Problem to solve:
Set down the lines below exactly as they stand, please. Go from the first through the one containing "Deflection/Guide Pulley, V-ribbed belt".

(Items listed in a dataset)

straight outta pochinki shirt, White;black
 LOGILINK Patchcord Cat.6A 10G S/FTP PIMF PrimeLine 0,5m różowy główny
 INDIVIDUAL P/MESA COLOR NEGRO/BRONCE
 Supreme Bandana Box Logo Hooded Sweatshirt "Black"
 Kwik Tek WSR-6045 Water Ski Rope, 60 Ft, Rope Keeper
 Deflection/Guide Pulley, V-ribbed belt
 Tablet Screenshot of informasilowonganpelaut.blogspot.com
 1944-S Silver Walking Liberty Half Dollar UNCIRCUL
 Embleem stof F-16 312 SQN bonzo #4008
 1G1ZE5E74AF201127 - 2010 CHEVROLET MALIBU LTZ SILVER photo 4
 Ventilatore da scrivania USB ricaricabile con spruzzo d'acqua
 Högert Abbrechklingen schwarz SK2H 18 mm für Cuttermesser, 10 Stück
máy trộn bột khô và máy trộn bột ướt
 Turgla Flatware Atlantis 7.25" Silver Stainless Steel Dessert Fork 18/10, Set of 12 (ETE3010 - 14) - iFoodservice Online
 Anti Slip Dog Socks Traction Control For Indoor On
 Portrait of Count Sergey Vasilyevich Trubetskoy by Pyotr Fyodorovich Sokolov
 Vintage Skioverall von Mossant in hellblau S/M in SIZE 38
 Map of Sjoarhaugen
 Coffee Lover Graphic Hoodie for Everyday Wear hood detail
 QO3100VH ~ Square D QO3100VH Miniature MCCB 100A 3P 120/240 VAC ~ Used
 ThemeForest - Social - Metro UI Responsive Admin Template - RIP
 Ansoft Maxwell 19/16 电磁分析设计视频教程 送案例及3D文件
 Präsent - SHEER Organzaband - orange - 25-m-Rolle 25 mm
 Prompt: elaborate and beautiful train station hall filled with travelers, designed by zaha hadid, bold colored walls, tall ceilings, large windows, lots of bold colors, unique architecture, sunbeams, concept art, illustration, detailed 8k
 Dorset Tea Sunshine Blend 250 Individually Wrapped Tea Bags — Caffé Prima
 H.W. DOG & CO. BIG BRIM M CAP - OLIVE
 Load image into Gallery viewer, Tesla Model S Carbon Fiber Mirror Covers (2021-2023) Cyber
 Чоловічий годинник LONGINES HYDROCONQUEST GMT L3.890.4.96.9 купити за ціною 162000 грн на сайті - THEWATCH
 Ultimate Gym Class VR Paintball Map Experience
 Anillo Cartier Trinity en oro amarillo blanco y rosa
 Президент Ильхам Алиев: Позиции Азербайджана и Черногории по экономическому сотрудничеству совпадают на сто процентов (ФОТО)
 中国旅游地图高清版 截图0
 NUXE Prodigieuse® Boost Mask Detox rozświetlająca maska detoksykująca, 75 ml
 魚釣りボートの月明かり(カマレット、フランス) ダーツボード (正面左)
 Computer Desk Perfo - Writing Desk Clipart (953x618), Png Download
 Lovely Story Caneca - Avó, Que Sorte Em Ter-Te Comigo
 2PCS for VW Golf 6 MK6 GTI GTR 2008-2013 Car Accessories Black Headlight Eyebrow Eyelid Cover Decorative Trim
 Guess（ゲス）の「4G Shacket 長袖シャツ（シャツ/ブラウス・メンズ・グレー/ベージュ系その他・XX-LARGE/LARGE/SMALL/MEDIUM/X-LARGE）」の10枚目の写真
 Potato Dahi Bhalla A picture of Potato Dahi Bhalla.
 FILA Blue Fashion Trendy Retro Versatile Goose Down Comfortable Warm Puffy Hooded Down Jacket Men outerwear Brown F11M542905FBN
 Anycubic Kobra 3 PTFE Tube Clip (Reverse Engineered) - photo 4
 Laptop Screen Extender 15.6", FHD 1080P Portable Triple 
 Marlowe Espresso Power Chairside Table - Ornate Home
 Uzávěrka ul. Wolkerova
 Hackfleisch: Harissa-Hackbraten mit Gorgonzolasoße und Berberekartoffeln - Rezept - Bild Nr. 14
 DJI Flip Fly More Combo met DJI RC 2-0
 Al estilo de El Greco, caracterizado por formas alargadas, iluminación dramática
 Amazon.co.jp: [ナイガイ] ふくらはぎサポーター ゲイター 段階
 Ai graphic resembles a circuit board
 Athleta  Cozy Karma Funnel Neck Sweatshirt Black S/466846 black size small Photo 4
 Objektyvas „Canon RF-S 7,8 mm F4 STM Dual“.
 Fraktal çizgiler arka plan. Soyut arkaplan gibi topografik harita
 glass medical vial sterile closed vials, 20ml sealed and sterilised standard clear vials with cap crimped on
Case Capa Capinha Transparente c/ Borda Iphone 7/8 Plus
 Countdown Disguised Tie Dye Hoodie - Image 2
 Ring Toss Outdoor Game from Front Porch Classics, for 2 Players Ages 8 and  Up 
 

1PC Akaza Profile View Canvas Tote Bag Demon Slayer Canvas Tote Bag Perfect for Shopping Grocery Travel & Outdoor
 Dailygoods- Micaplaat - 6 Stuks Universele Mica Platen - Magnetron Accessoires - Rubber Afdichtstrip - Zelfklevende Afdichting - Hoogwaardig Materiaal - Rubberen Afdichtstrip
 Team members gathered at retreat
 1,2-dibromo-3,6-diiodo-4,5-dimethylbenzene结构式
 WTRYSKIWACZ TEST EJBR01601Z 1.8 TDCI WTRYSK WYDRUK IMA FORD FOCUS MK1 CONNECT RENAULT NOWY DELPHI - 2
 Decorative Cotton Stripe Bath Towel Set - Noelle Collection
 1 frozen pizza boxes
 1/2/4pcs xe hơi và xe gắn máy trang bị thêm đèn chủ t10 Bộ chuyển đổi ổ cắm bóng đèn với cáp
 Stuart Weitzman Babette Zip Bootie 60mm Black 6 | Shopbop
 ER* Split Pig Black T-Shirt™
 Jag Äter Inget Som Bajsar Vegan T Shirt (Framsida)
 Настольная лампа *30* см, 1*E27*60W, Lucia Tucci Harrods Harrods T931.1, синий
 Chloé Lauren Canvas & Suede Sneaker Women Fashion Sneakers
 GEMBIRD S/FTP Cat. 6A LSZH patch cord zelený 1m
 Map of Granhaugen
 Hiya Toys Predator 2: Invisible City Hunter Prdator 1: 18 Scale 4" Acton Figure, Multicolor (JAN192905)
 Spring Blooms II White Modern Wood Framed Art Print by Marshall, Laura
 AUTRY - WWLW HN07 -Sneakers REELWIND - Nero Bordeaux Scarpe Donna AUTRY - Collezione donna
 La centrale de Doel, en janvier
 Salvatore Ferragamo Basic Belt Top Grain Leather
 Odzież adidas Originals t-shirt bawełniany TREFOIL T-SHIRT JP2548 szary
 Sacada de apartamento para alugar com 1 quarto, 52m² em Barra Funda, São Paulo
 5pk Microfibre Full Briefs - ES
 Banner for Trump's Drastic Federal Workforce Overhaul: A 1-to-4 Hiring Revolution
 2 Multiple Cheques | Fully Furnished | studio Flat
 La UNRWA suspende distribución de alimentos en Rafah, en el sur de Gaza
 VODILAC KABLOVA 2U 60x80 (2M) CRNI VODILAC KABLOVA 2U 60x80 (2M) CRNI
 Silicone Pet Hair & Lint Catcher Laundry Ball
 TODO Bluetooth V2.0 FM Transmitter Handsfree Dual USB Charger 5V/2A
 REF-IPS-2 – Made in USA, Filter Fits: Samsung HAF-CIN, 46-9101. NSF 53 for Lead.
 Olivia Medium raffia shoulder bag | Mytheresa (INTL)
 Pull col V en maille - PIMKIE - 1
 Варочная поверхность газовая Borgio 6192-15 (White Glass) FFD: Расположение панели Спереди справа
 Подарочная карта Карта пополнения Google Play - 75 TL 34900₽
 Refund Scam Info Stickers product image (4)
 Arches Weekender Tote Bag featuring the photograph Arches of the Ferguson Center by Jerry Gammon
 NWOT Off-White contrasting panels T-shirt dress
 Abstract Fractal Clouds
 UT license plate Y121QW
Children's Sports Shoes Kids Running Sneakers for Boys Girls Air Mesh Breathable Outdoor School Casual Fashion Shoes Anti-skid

Problem solution:
straight outta pochinki shirt, White;black
 LOGILINK Patchcord Cat.6A 10G S/FTP PIMF PrimeLine 0,5m różowy główny
 INDIVIDUAL P/MESA COLOR NEGRO/BRONCE
 Supreme Bandana Box Logo Hooded Sweatshirt "Black"
 Kwik Tek WSR-6045 Water Ski Rope, 60 Ft, Rope Keeper
 Deflection/Guide Pulley, V-ribbed belt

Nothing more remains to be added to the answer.